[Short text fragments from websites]

Start of Block

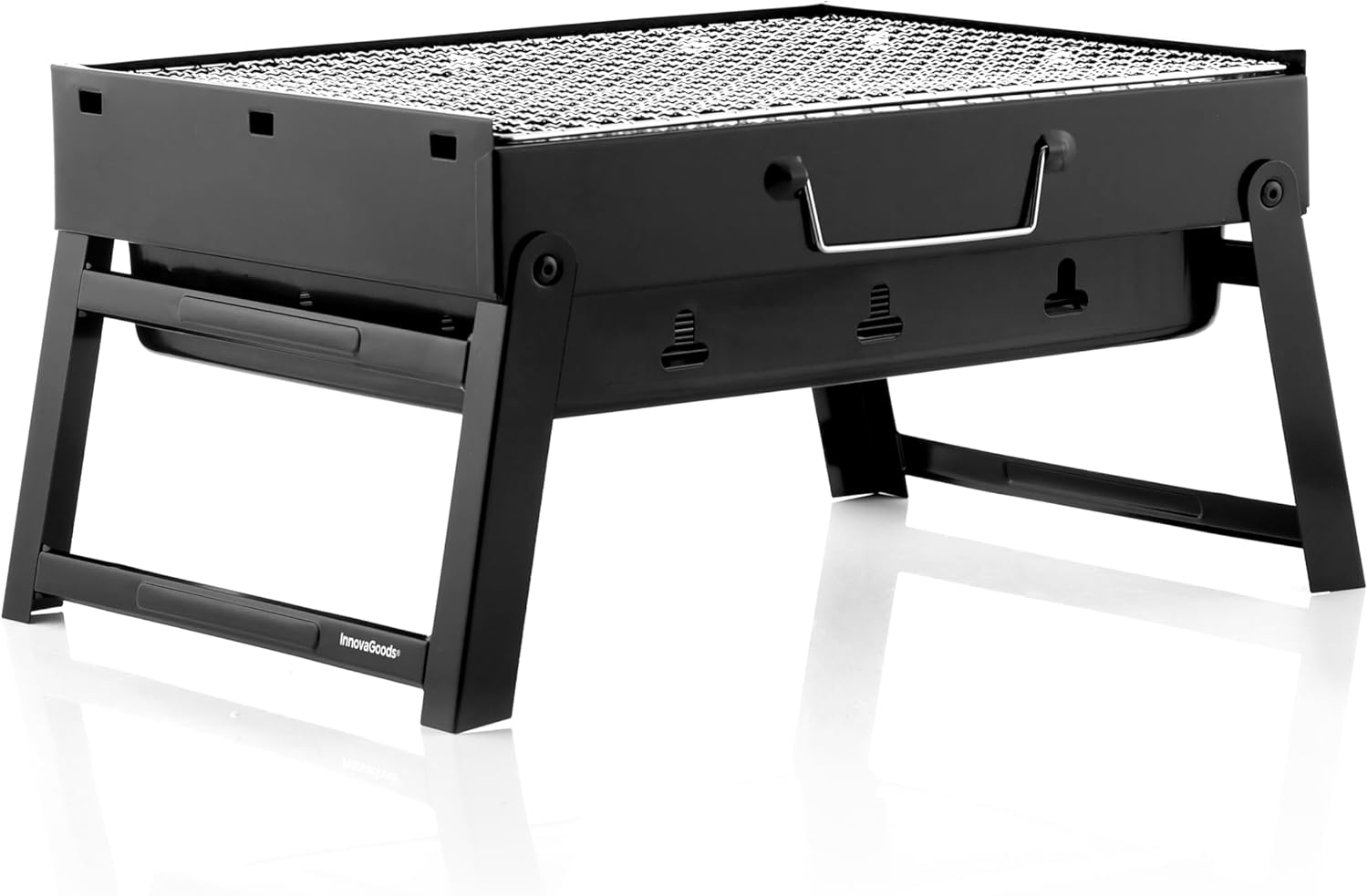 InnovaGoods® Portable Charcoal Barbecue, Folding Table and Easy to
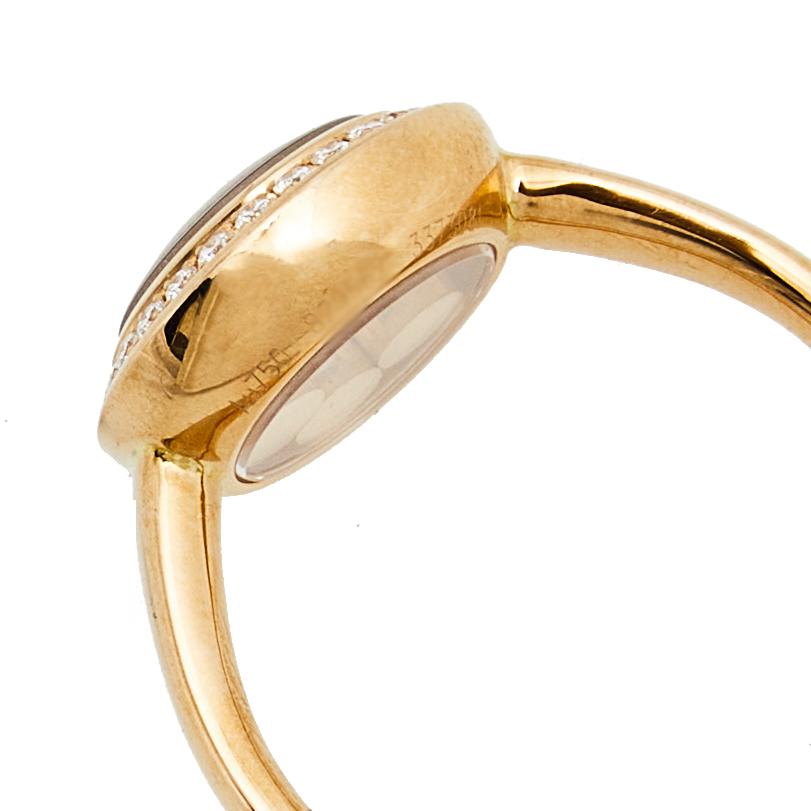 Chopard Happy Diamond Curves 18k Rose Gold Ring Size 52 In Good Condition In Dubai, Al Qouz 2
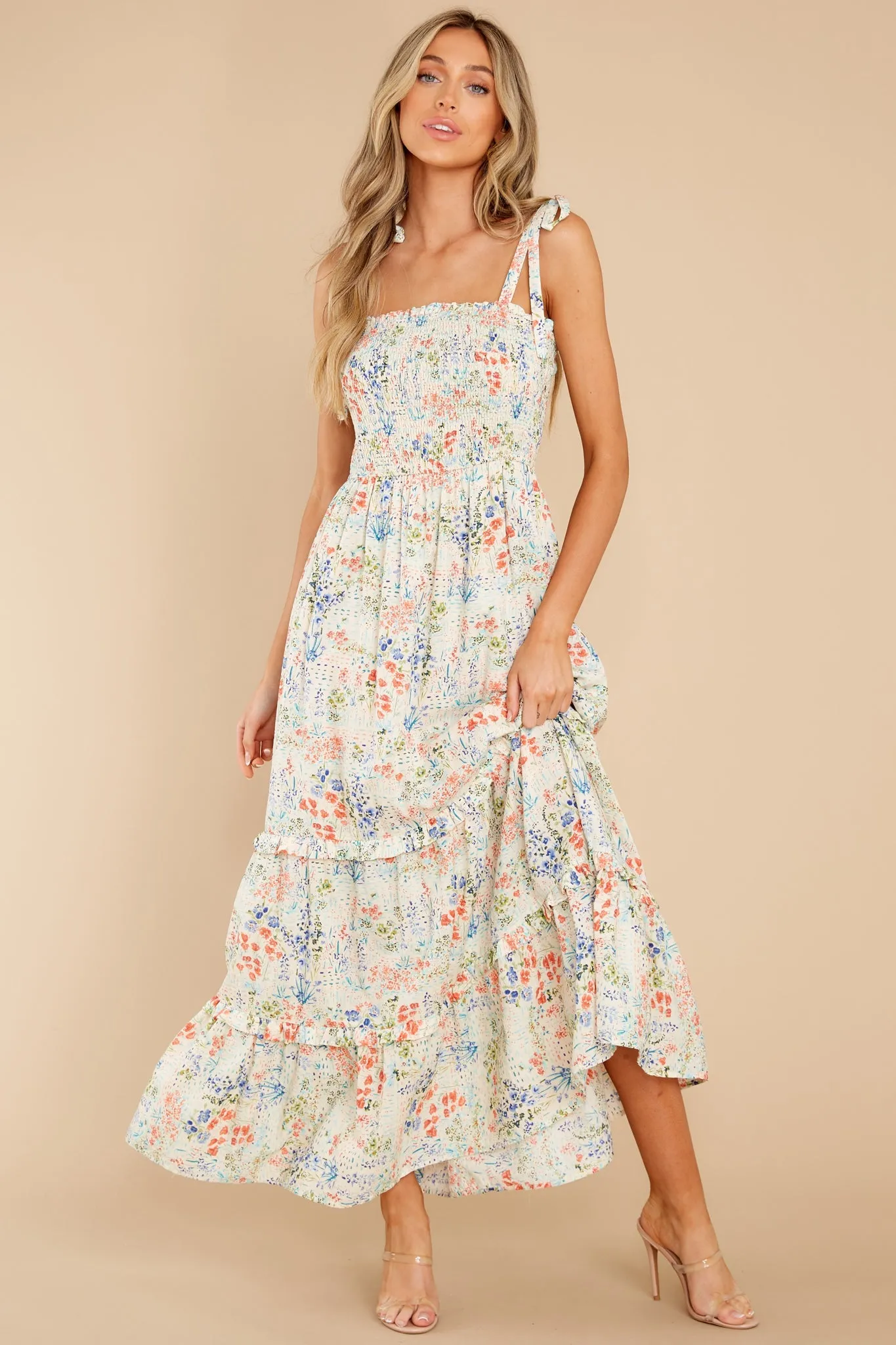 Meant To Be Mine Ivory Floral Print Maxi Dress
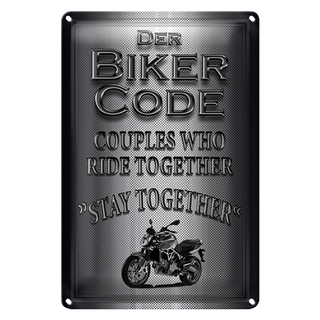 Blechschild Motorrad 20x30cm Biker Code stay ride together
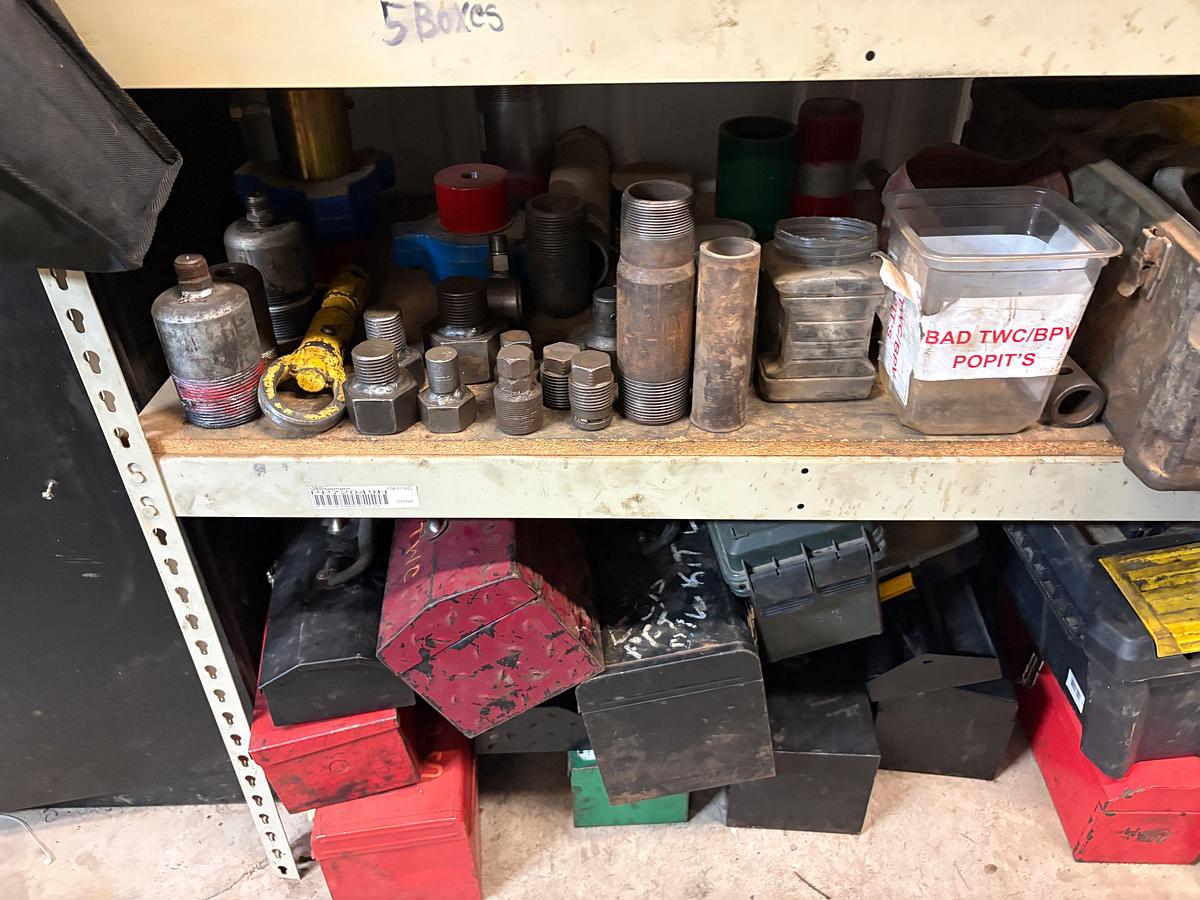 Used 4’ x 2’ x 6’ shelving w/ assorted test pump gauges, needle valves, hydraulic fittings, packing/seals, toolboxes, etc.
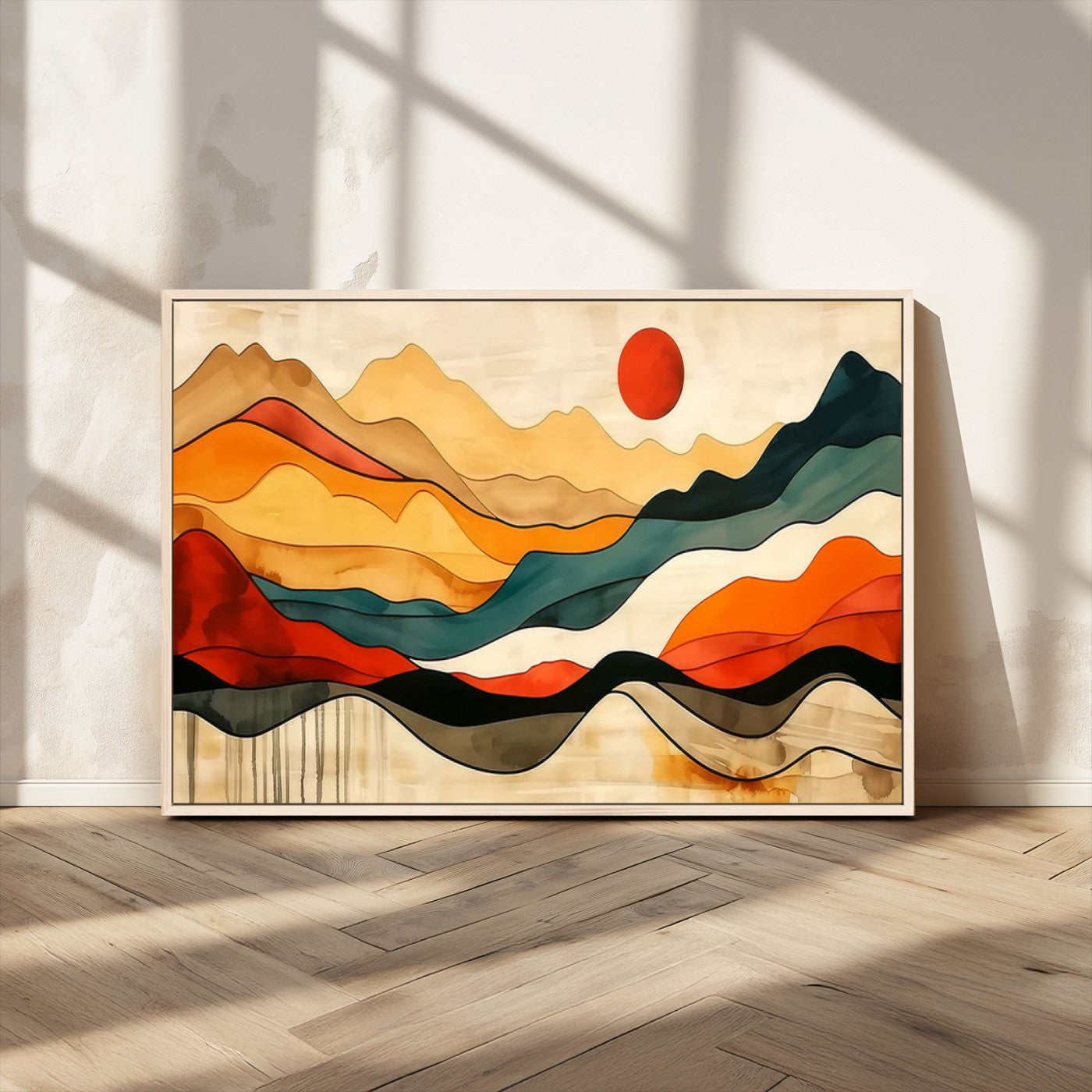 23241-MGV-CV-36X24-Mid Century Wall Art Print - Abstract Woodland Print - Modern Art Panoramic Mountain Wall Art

End of Block

- What the task requires
Should there be pictures in the data, leave them out and return the rest exactly.

- Written answer
 InnovaGoods® Portable Charcoal Barbecue, Folding Table and Easy to
 Chopard Happy Diamond Curves 18k Rose Gold Ring Size 52 In Good Condition In Dubai, Al Qouz 2
 Meant To Be Mine Ivory Floral Print Maxi Dress
 Blechschild Motorrad 20x30cm Biker Code stay ride together
 Used 4’ x 2’ x 6’ shelving w/ assorted test pump gauges, needle valves, hydraulic fittings, packing/seals, toolboxes, etc.
 23241-MGV-CV-36X24-Mid Century Wall Art Print - Abstract Woodland Print - Modern Art Panoramic Mountain Wall Art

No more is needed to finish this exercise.